* _Supplied material_
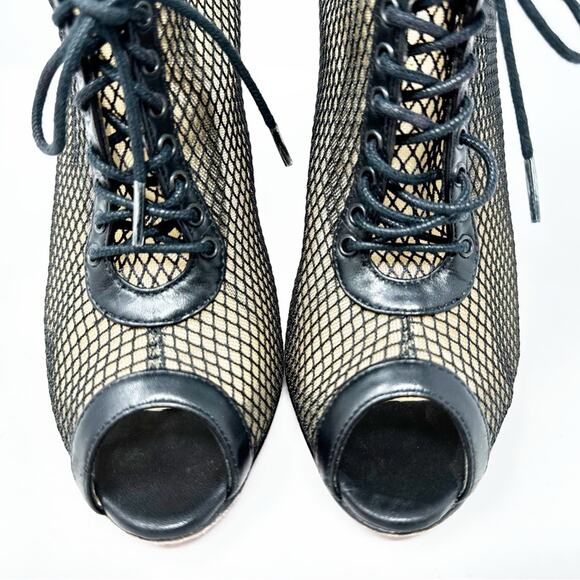 Christian Louboutin Nikita Mesh & Leather Ankle Booties Size 36 - Picture 4 of 12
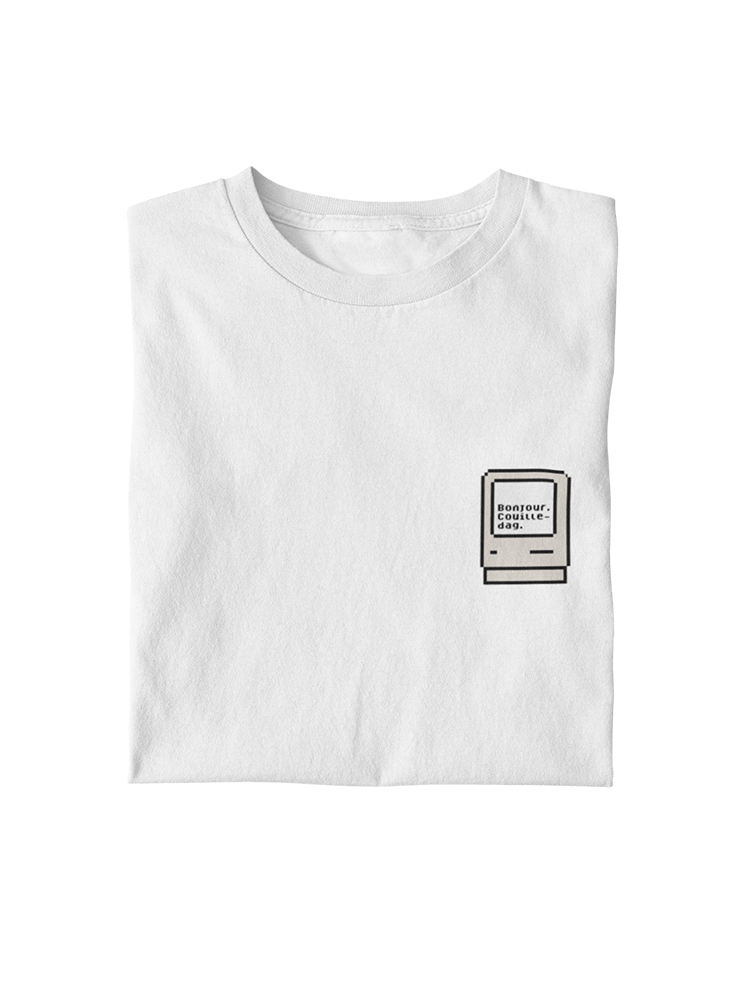 "Bonjour. Couilledag" Version Apple - T-shirt bio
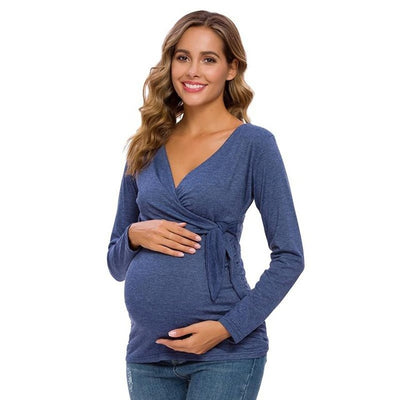 Blusas Premamá de Manga Larga y Cuello en V - Image 15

* _Work instructions_
Restate word for word the lines starting at the one that contains "- T-shirt bio" and ending at the last line of the data. Skip every picture.

* _Result for this exercise_
 "Bonjour. Couilledag" Version Apple - T-shirt bio
 Blusas Premamá de Manga Larga y Cuello en V - Image 15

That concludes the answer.